EXERCISE MATERIAL:
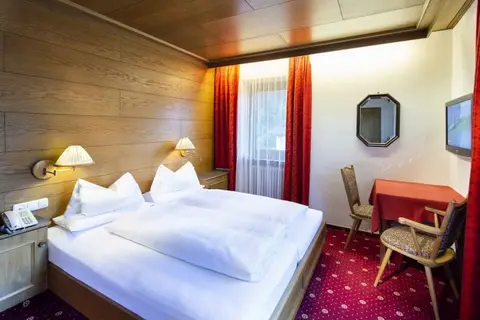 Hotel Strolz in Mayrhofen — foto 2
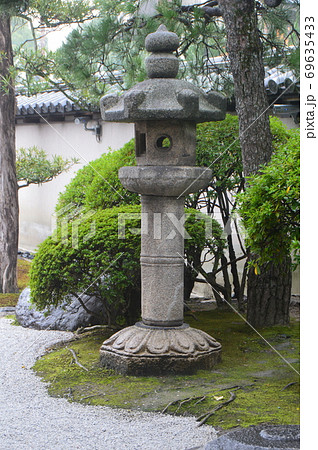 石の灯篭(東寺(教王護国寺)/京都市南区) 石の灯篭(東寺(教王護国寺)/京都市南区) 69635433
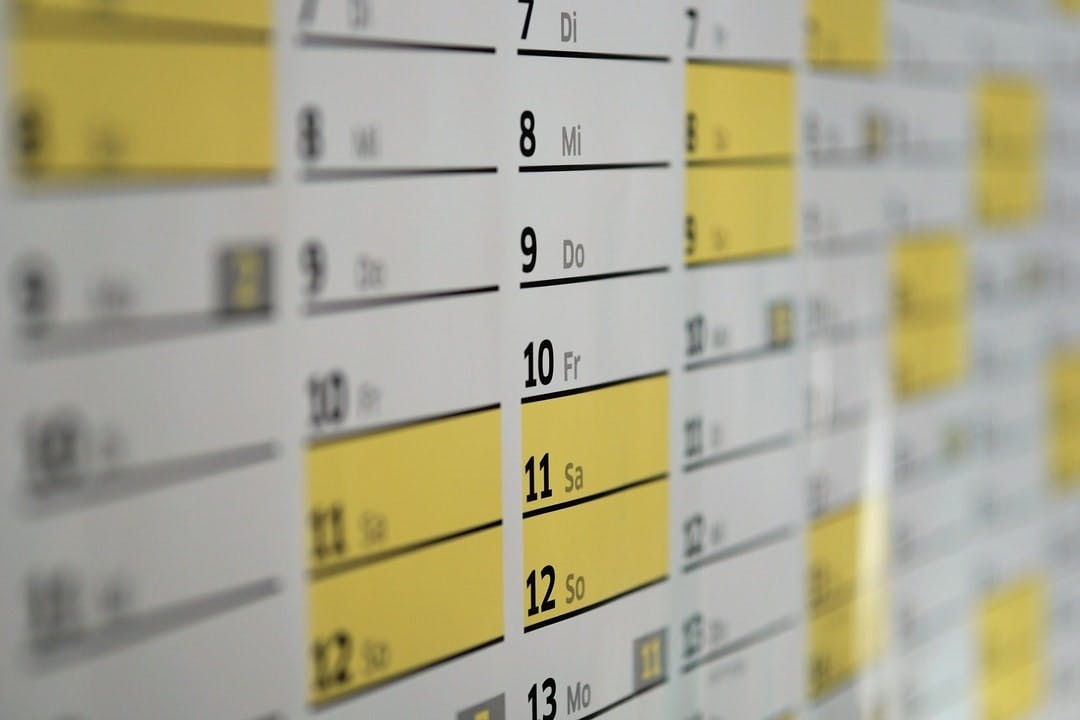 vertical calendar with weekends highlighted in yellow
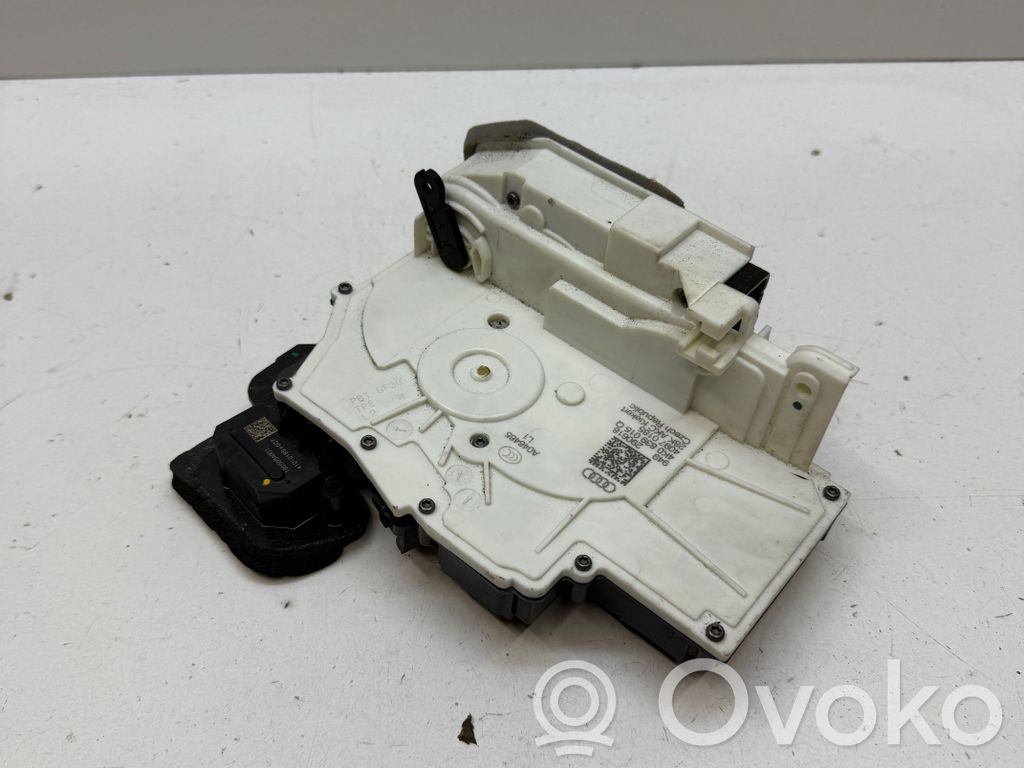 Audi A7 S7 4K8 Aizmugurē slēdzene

---

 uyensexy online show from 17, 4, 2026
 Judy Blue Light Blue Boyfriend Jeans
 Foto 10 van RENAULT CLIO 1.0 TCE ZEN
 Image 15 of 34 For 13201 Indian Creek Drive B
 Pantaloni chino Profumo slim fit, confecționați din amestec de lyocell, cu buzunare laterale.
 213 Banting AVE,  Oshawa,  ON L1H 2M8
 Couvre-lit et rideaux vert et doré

* * *

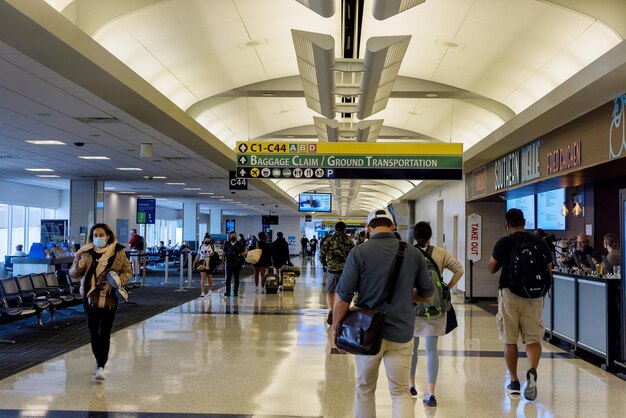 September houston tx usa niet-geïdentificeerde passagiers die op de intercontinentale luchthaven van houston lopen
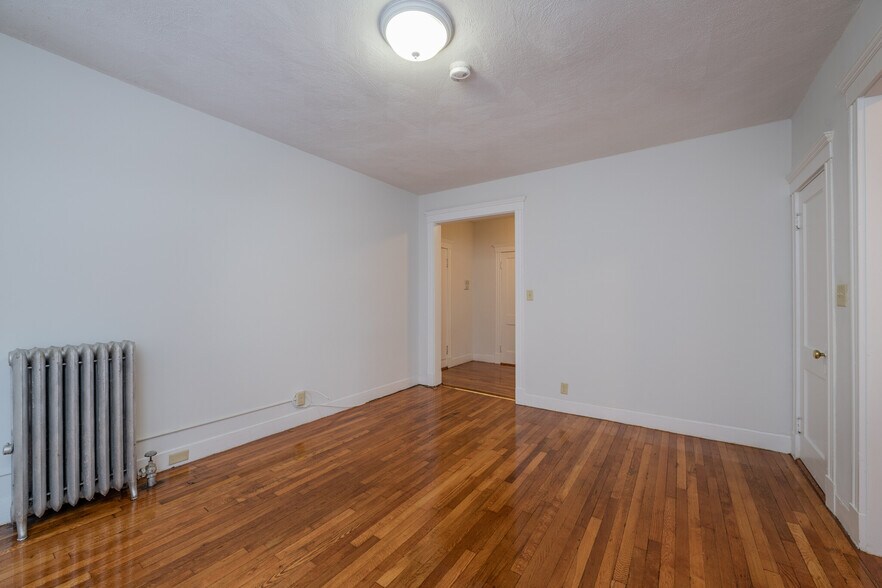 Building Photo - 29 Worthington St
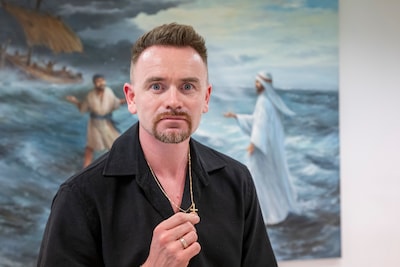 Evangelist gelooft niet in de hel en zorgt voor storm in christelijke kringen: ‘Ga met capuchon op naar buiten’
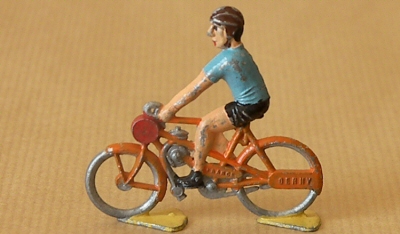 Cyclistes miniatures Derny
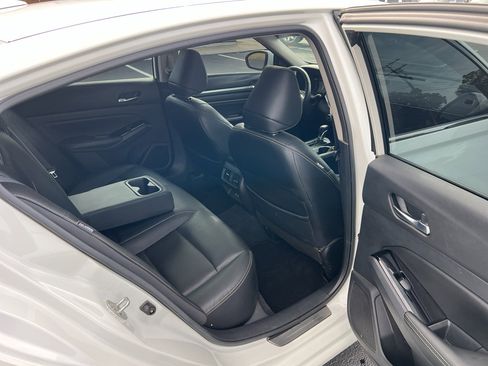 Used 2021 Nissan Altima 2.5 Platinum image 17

TASK INSTRUCTIONS: Please return the material above only from the line that holds "Hotel Strolz in Mayrhofen — foto 2" through the line that holds "Audi A7 S7 4K8 Aizmugurē slēdzene", exactly as it stands, ends included and pictures omitted.

SOLUTION FOR THIS PROBLEM:
 Hotel Strolz in Mayrhofen — foto 2
 石の灯篭(東寺(教王護国寺)/京都市南区) 石の灯篭(東寺(教王護国寺)/京都市南区) 69635433
 vertical calendar with weekends highlighted in yellow
 Audi A7 S7 4K8 Aizmugurē slēdzene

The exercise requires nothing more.